Work instructions: For the listing below, output exactly the lines from the line with "Декоративные растения для" up to and including the line with "Live tree! Kept indoors", and no other lines.

────────────────────────────────────────

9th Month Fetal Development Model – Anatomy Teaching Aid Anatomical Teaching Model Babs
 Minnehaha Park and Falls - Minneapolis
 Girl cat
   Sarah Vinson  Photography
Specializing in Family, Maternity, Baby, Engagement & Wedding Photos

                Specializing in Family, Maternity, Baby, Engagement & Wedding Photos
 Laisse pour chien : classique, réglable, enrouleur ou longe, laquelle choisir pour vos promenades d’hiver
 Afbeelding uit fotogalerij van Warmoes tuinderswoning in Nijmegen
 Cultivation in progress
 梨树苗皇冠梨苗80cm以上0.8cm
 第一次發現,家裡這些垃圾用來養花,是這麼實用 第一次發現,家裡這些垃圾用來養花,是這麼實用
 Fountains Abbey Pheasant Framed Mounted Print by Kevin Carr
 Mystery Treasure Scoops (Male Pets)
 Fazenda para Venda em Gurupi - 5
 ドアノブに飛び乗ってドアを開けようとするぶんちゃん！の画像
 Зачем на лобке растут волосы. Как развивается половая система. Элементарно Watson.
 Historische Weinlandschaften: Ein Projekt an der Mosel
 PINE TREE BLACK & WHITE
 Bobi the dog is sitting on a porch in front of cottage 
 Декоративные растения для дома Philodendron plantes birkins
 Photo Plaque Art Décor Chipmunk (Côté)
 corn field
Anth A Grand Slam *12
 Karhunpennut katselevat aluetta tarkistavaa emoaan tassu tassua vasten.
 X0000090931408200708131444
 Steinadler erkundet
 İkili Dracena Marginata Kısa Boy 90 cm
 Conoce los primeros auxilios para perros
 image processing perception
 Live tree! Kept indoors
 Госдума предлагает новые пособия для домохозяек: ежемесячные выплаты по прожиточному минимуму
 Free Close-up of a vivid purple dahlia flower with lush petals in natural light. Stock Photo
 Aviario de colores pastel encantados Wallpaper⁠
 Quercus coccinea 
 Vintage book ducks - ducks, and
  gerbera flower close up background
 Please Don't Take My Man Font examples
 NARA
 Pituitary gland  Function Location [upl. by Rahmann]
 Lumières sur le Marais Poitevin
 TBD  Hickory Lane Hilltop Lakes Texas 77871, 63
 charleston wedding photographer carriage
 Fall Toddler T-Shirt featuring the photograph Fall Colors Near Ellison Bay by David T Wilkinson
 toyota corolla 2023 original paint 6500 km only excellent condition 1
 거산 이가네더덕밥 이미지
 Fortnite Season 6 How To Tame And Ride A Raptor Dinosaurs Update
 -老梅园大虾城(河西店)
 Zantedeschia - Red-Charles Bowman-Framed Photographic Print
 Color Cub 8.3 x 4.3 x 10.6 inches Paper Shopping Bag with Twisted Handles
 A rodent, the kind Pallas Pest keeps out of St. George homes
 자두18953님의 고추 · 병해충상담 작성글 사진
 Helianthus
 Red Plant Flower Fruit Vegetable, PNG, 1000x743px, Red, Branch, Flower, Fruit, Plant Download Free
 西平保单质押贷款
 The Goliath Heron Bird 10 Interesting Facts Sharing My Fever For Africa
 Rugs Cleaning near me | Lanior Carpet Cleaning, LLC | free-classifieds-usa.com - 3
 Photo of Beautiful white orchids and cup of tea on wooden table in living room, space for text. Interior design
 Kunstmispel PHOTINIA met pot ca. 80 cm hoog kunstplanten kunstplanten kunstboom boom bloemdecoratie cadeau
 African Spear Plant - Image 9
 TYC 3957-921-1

────────────────────────────────────────

Completed exercise:
 Декоративные растения для дома Philodendron plantes birkins
 Photo Plaque Art Décor Chipmunk (Côté)
 corn field
Anth A Grand Slam *12
 Karhunpennut katselevat aluetta tarkistavaa emoaan tassu tassua vasten.
 X0000090931408200708131444
 Steinadler erkundet
 İkili Dracena Marginata Kısa Boy 90 cm
 Conoce los primeros auxilios para perros
 image processing perception
 Live tree! Kept indoors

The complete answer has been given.